Extracted records:
------------------------------------------------------------------------

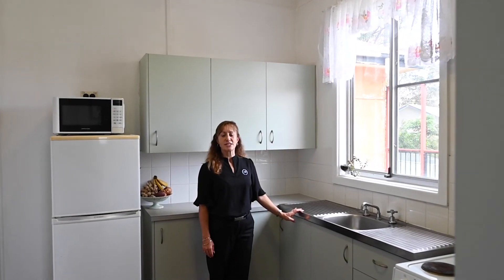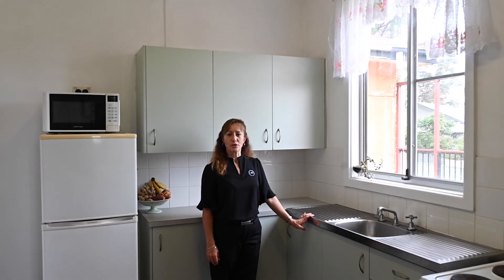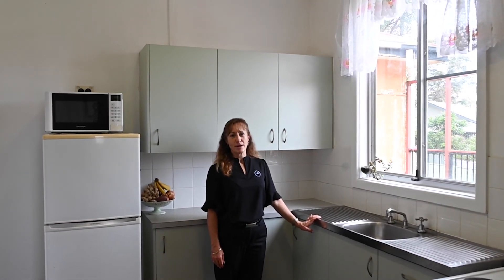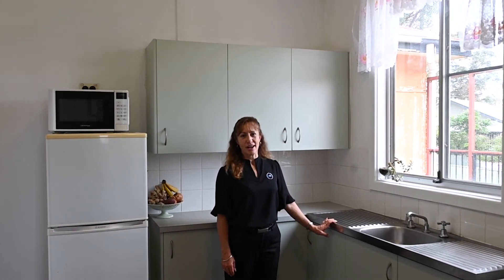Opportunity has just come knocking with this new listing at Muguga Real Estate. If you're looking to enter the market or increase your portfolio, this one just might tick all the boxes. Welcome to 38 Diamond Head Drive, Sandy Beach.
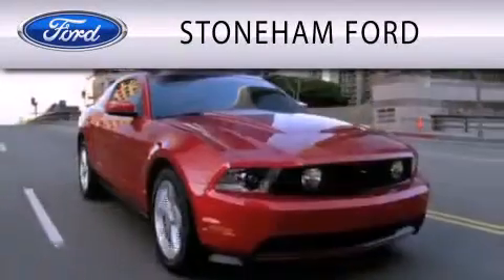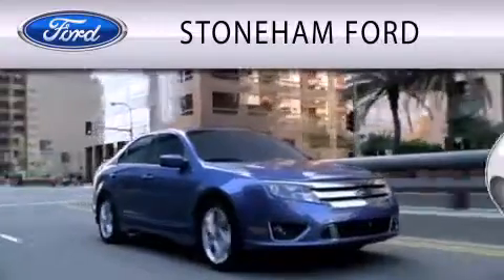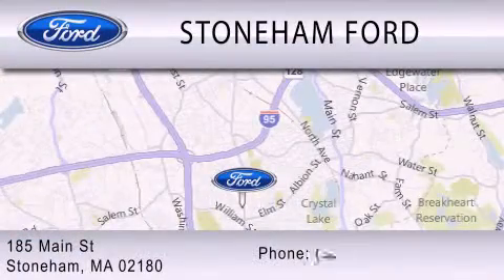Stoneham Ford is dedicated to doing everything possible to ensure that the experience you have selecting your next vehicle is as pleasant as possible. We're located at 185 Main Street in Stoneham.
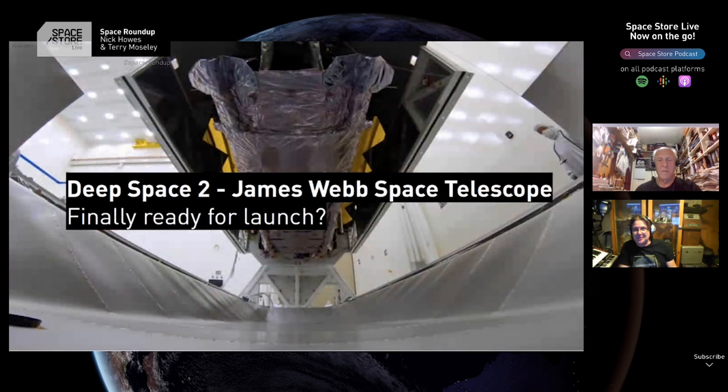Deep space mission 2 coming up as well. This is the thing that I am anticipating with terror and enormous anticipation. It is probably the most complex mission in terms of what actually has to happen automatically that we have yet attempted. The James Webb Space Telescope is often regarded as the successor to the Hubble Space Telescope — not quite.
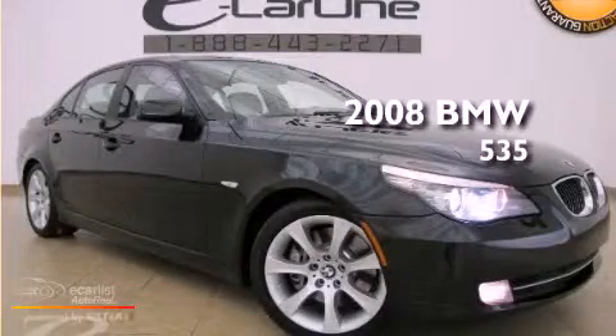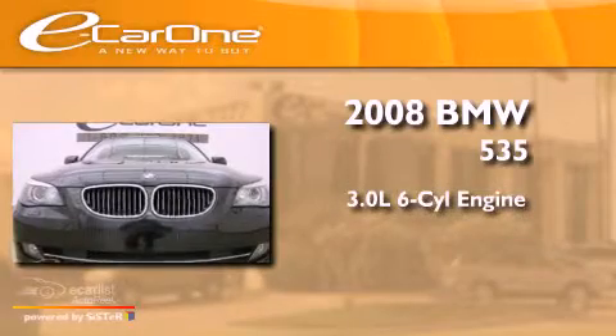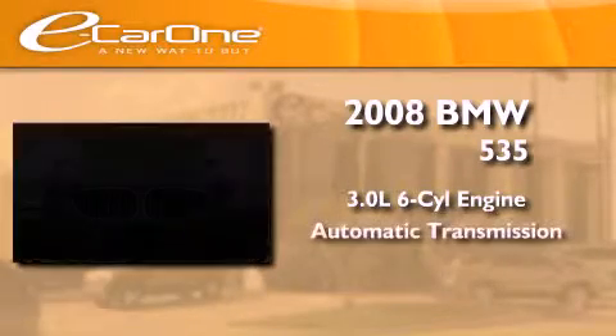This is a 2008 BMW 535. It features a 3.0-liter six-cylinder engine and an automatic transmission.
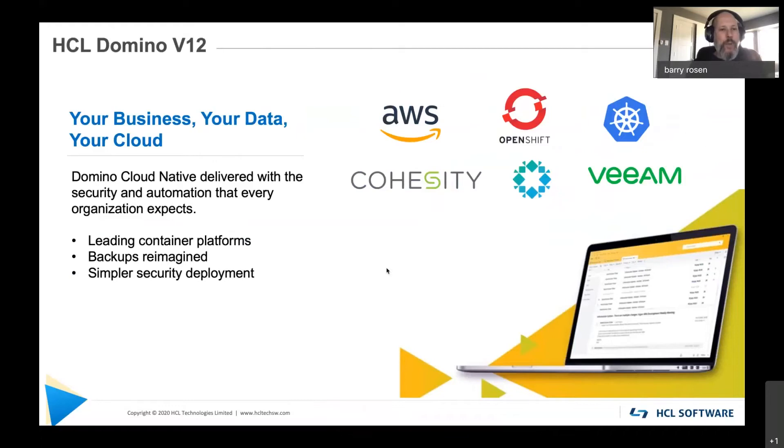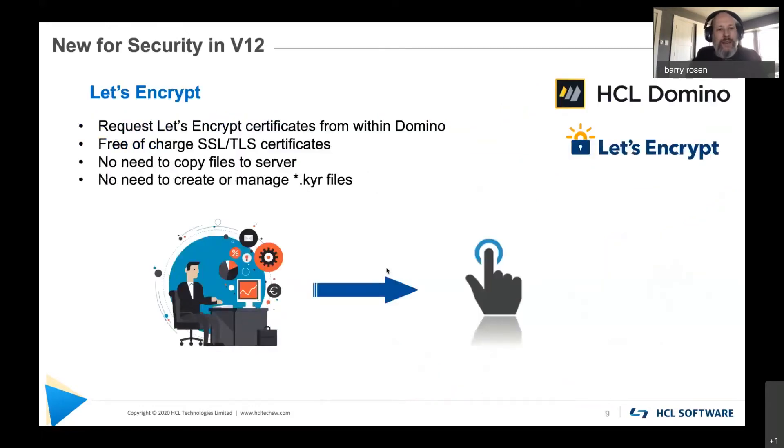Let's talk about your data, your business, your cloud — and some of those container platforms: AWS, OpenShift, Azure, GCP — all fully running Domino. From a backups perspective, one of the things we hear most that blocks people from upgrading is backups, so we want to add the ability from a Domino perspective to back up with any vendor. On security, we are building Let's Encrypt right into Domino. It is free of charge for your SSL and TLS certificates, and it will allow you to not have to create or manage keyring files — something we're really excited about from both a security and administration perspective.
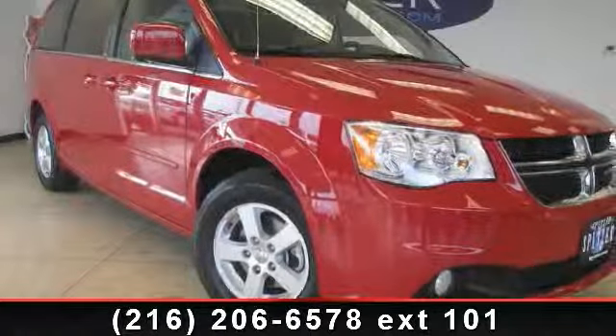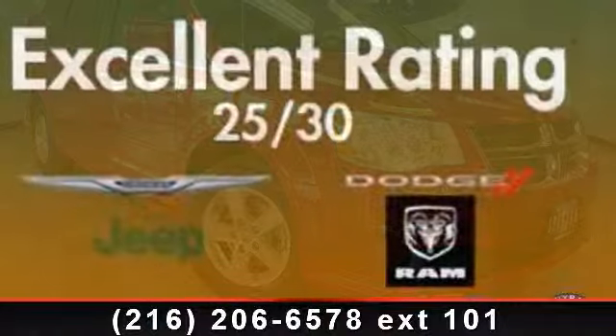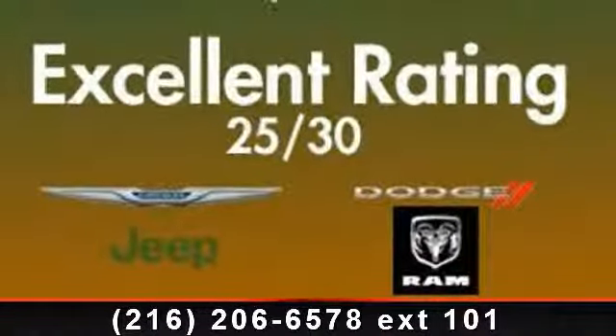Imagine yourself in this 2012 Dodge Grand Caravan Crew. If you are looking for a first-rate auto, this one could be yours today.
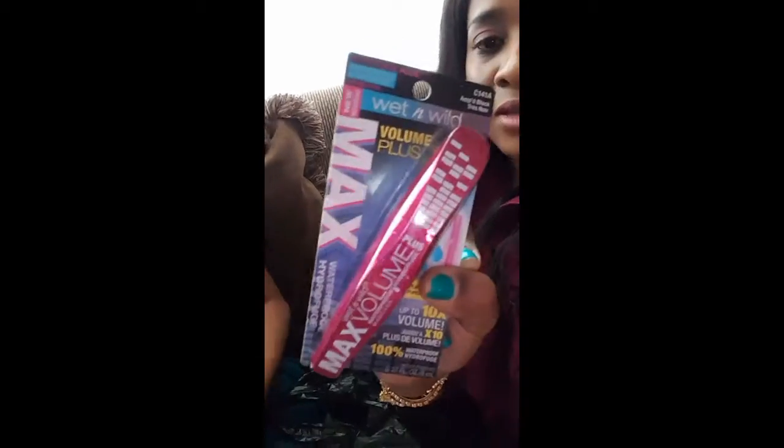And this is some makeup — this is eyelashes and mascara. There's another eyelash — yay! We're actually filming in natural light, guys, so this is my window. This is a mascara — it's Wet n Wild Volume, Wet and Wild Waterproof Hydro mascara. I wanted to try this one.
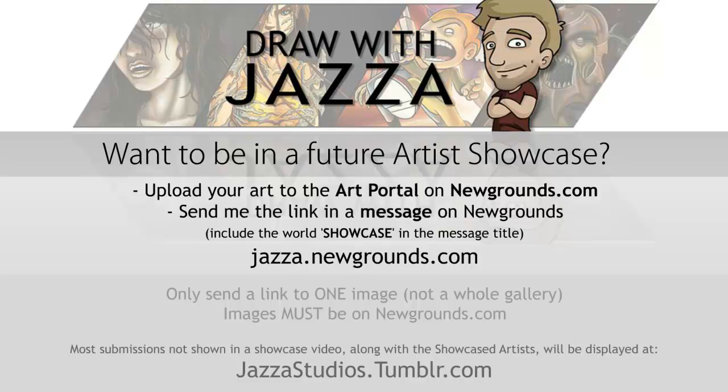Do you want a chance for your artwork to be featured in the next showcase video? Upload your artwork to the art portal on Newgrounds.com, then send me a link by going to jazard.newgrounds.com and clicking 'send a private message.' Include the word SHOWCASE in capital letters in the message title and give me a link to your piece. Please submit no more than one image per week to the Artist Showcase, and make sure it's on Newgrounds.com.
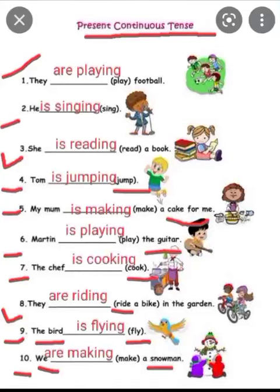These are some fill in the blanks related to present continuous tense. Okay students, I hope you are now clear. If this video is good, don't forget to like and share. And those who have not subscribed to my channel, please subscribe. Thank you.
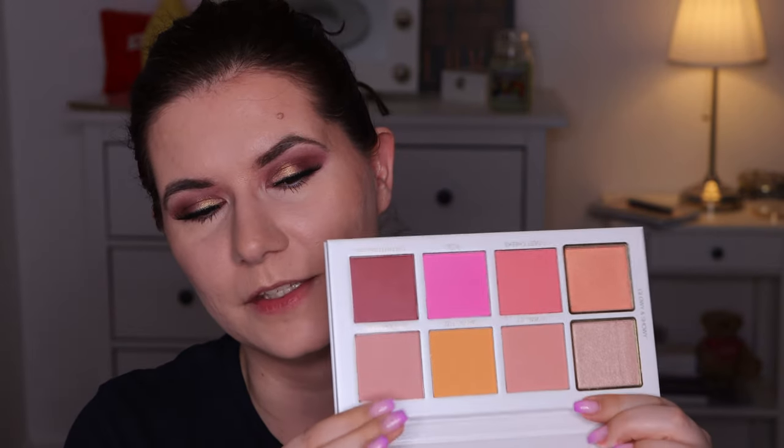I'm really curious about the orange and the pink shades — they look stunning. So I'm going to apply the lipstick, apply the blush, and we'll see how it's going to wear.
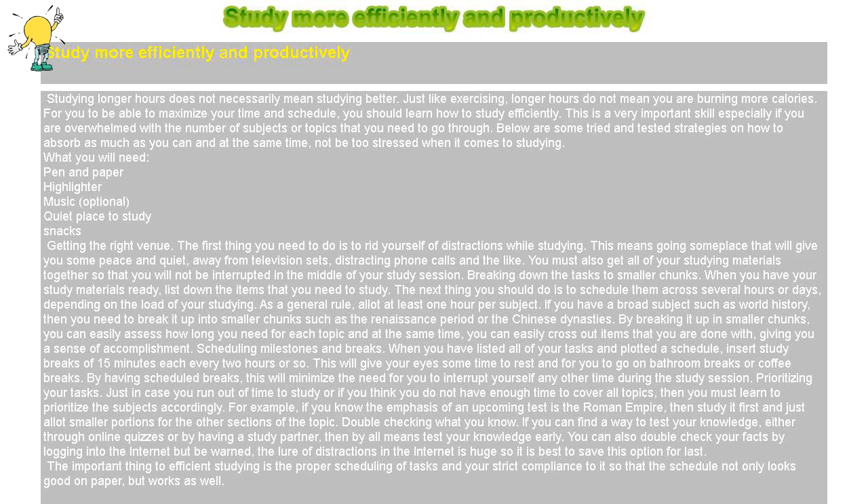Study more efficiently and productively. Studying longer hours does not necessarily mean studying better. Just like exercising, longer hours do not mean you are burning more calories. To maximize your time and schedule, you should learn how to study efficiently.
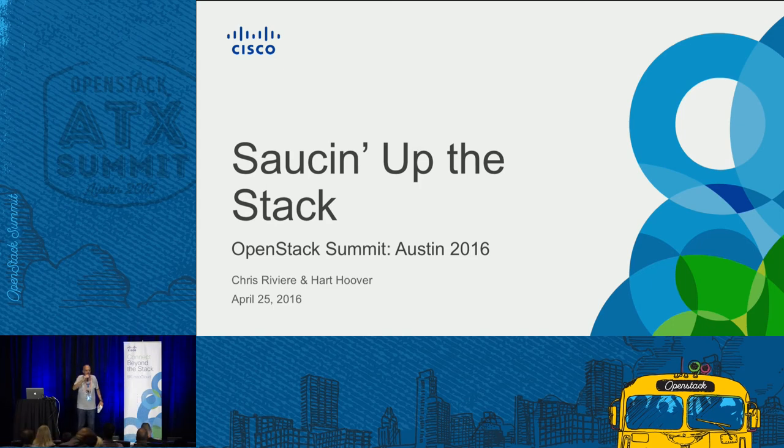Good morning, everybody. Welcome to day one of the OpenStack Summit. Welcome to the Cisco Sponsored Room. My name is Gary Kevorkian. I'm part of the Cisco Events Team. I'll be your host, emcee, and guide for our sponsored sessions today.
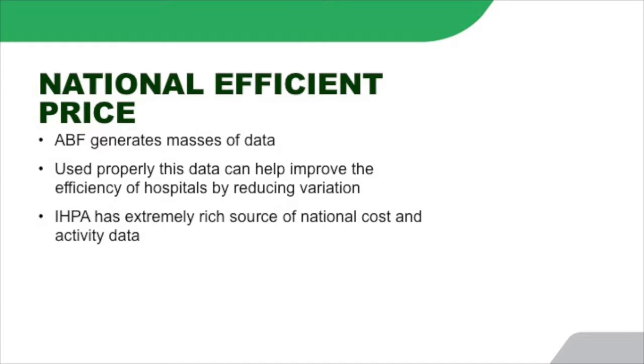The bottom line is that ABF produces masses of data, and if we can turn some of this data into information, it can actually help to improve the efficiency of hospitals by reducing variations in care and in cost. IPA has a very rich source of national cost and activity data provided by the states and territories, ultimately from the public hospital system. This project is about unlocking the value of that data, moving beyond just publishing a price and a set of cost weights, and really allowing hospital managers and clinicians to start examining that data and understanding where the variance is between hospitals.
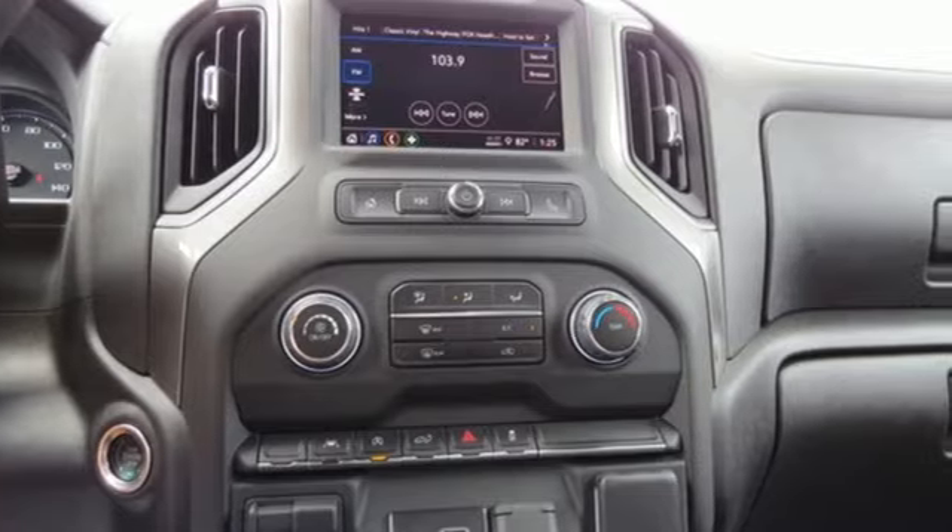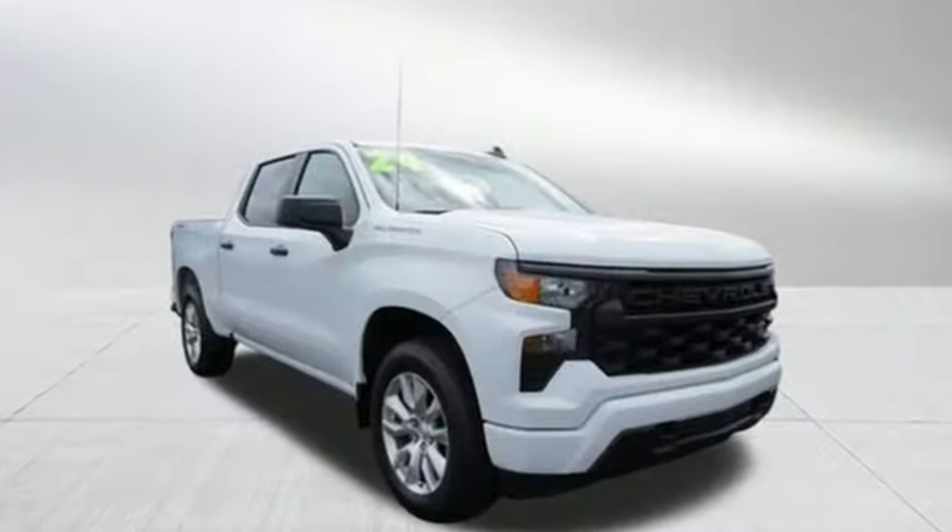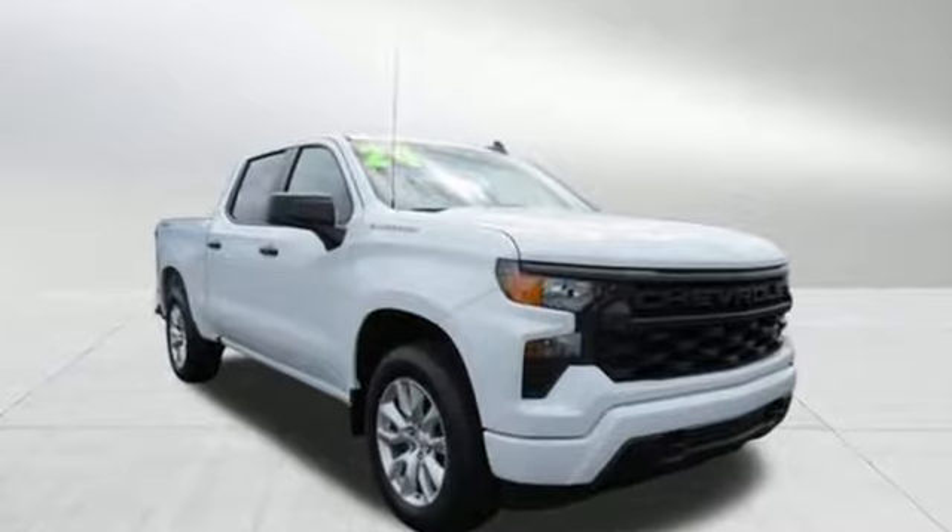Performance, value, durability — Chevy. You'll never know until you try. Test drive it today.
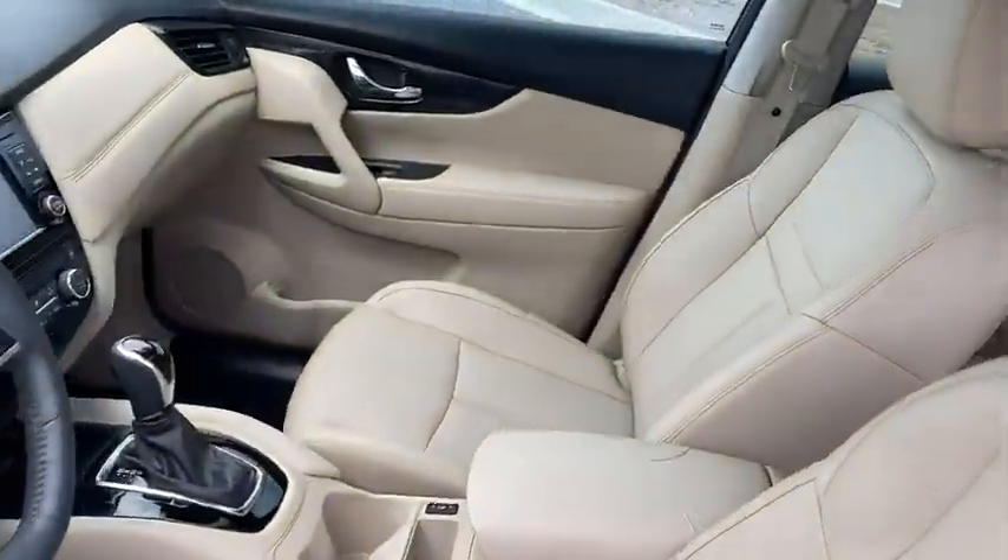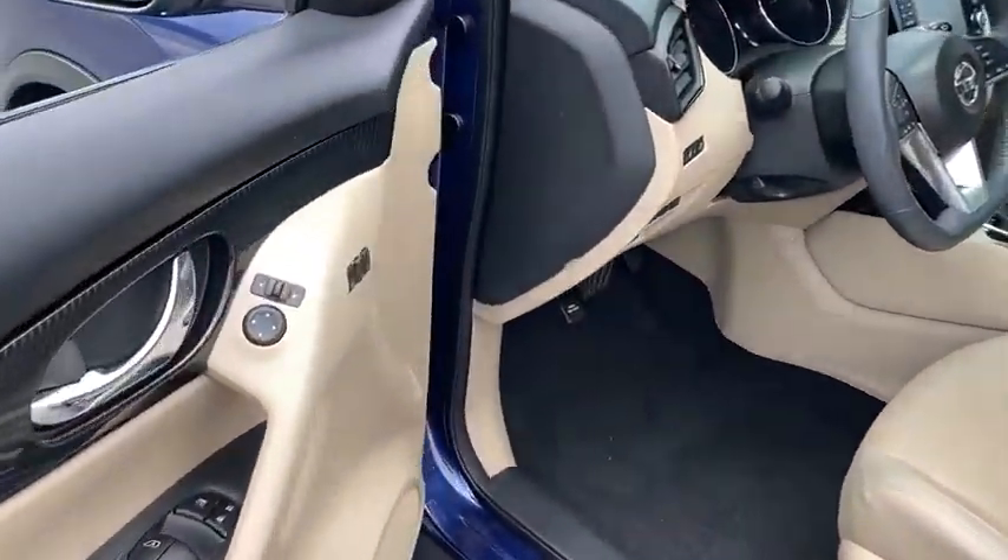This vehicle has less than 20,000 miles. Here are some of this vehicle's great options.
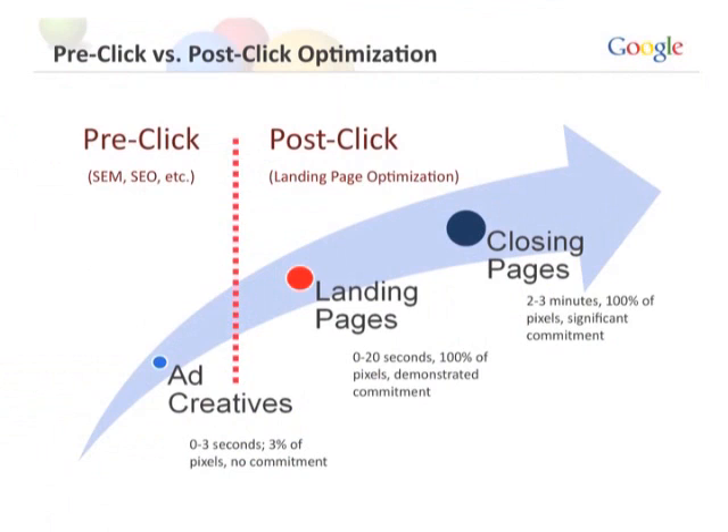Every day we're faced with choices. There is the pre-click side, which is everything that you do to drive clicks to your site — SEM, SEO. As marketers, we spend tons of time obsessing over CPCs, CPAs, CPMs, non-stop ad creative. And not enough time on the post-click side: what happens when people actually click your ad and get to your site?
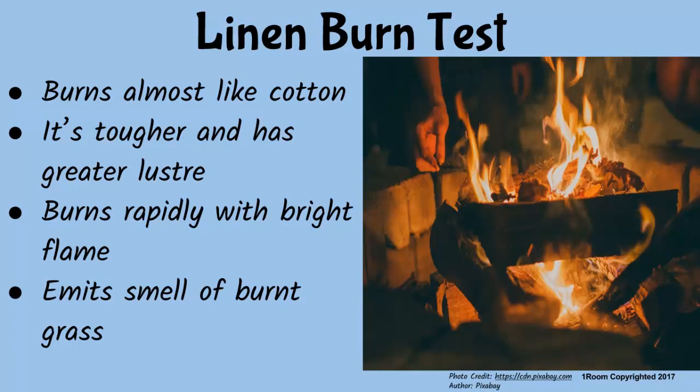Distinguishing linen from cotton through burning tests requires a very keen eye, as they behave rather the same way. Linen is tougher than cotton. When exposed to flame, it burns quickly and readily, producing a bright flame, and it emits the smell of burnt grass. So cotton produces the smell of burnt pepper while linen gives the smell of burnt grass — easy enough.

------------------------------------------------------------------------

What you are asked to do: Skip every picture and transcribe the data above exactly.

Answer to this exercise:
Opportunity has just come knocking with this new listing at Muguga Real Estate. If you're looking to enter the market or increase your portfolio, this one just might tick all the boxes. Welcome to 38 Diamond Head Drive, Sandy Beach.
Stoneham Ford is dedicated to doing everything possible to ensure that the experience you have selecting your next vehicle is as pleasant as possible. We're located at 185 Main Street in Stoneham.
Deep space mission 2 coming up as well. This is the thing that I am anticipating with terror and enormous anticipation. It is probably the most complex mission in terms of what actually has to happen automatically that we have yet attempted. The James Webb Space Telescope is often regarded as the successor to the Hubble Space Telescope — not quite.
This is a 2008 BMW 535. It features a 3.0-liter six-cylinder engine and an automatic transmission.
Let's talk about your data, your business, your cloud — and some of those container platforms: AWS, OpenShift, Azure, GCP — all fully running Domino. From a backups perspective, one of the things we hear most that blocks people from upgrading is backups, so we want to add the ability from a Domino perspective to back up with any vendor. On security, we are building Let's Encrypt right into Domino. It is free of charge for your SSL and TLS certificates, and it will allow you to not have to create or manage keyring files — something we're really excited about from both a security and administration perspective.
Imagine yourself in this 2012 Dodge Grand Caravan Crew. If you are looking for a first-rate auto, this one could be yours today.
And this is some makeup — this is eyelashes and mascara. There's another eyelash — yay! We're actually filming in natural light, guys, so this is my window. This is a mascara — it's Wet n Wild Volume, Wet and Wild Waterproof Hydro mascara. I wanted to try this one.
Do you want a chance for your artwork to be featured in the next showcase video? Upload your artwork to the art portal on Newgrounds.com, then send me a link by going to jazard.newgrounds.com and clicking 'send a private message.' Include the word SHOWCASE in capital letters in the message title and give me a link to your piece. Please submit no more than one image per week to the Artist Showcase, and make sure it's on Newgrounds.com.
These are some fill in the blanks related to present continuous tense. Okay students, I hope you are now clear. If this video is good, don't forget to like and share. And those who have not subscribed to my channel, please subscribe. Thank you.
I'm really curious about the orange and the pink shades — they look stunning. So I'm going to apply the lipstick, apply the blush, and we'll see how it's going to wear.
Study more efficiently and productively. Studying longer hours does not necessarily mean studying better. Just like exercising, longer hours do not mean you are burning more calories. To maximize your time and schedule, you should learn how to study efficiently.
Good morning, everybody. Welcome to day one of the OpenStack Summit. Welcome to the Cisco Sponsored Room. My name is Gary Kevorkian. I'm part of the Cisco Events Team. I'll be your host, emcee, and guide for our sponsored sessions today.
The bottom line is that ABF produces masses of data, and if we can turn some of this data into information, it can actually help to improve the efficiency of hospitals by reducing variations in care and in cost. IPA has a very rich source of national cost and activity data provided by the states and territories, ultimately from the public hospital system. This project is about unlocking the value of that data, moving beyond just publishing a price and a set of cost weights, and really allowing hospital managers and clinicians to start examining that data and understanding where the variance is between hospitals.
Performance, value, durability — Chevy. You'll never know until you try. Test drive it today.
This vehicle has less than 20,000 miles. Here are some of this vehicle's great options.
Every day we're faced with choices. There is the pre-click side, which is everything that you do to drive clicks to your site — SEM, SEO. As marketers, we spend tons of time obsessing over CPCs, CPAs, CPMs, non-stop ad creative. And not enough time on the post-click side: what happens when people actually click your ad and get to your site?
Distinguishing linen from cotton through burning tests requires a very keen eye, as they behave rather the same way. Linen is tougher than cotton. When exposed to flame, it burns quickly and readily, producing a bright flame, and it emits the smell of burnt grass. So cotton produces the smell of burnt pepper while linen gives the smell of burnt grass — easy enough.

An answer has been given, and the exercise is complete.